▸ **What is being asked**
If an entry includes an image, drop the image and copy the rest verbatim.

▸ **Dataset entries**

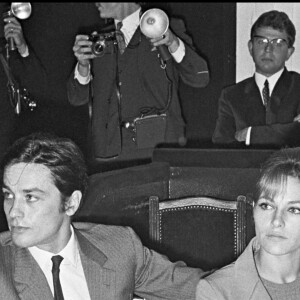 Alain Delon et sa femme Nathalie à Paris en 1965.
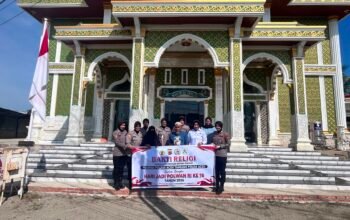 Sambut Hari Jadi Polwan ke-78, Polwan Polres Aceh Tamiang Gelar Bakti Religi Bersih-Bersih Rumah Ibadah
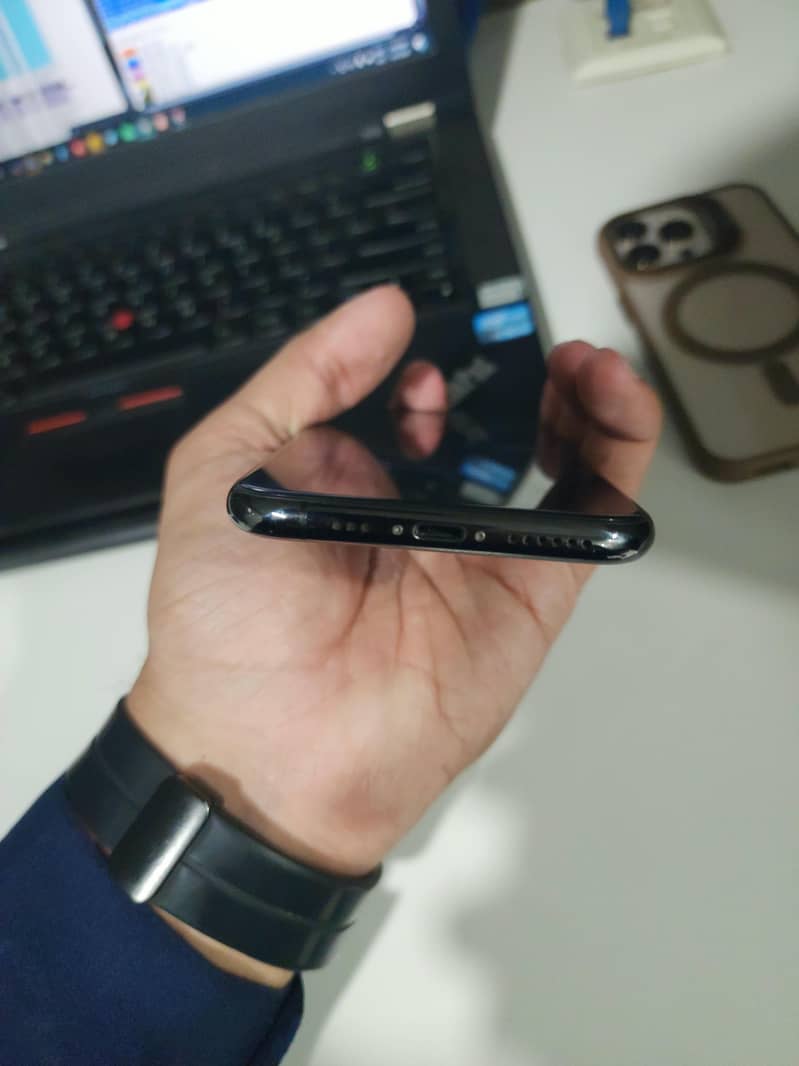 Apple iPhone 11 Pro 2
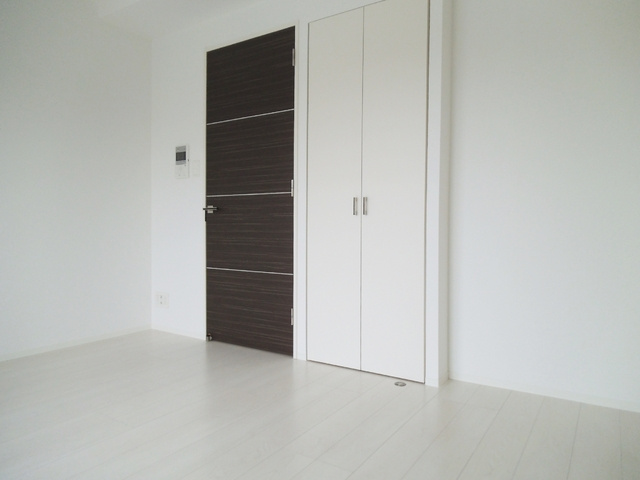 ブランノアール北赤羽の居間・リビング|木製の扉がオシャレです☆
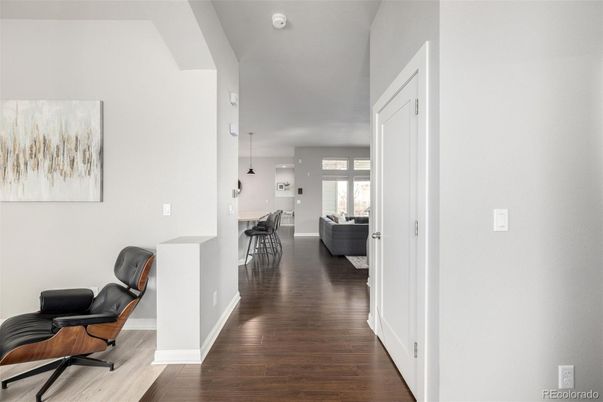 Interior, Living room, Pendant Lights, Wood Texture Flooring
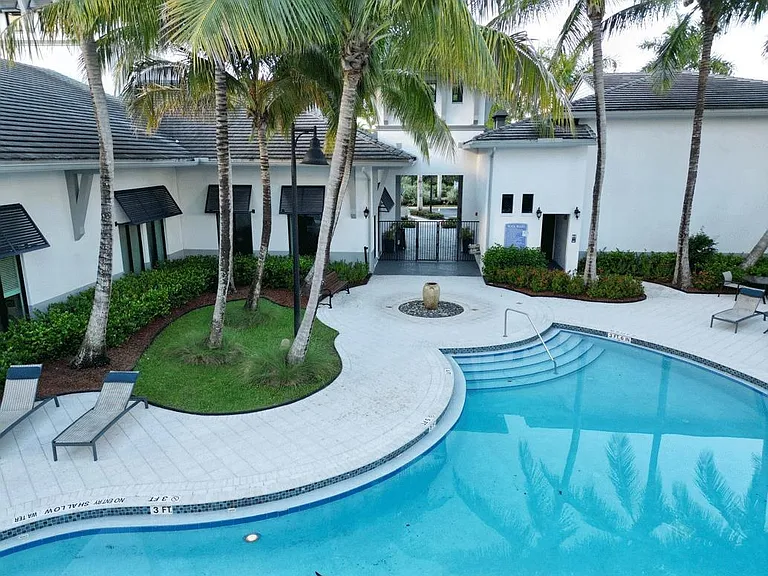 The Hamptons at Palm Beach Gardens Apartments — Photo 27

▸ **Solution for this problem**
 Alain Delon et sa femme Nathalie à Paris en 1965.
 Sambut Hari Jadi Polwan ke-78, Polwan Polres Aceh Tamiang Gelar Bakti Religi Bersih-Bersih Rumah Ibadah
 Apple iPhone 11 Pro 2
 ブランノアール北赤羽の居間・リビング|木製の扉がオシャレです☆
 Interior, Living room, Pendant Lights, Wood Texture Flooring
 The Hamptons at Palm Beach Gardens Apartments — Photo 27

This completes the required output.